Items listed in a dataset
Content starts

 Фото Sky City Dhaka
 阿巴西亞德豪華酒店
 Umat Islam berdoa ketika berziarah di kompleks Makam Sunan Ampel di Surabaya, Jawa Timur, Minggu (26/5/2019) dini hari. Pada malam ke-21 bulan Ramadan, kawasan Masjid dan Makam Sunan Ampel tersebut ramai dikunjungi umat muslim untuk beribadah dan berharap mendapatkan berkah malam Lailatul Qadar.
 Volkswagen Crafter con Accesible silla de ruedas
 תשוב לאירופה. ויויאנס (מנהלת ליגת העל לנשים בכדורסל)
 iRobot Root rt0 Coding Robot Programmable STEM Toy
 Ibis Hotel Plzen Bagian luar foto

Content ends

Copying word for word, give each line of the data above from the first one through the line containing "Umat Islam berdoa", and nothing else.

 Фото Sky City Dhaka
 阿巴西亞德豪華酒店
 Umat Islam berdoa ketika berziarah di kompleks Makam Sunan Ampel di Surabaya, Jawa Timur, Minggu (26/5/2019) dini hari. Pada malam ke-21 bulan Ramadan, kawasan Masjid dan Makam Sunan Ampel tersebut ramai dikunjungi umat muslim untuk beribadah dan berharap mendapatkan berkah malam Lailatul Qadar.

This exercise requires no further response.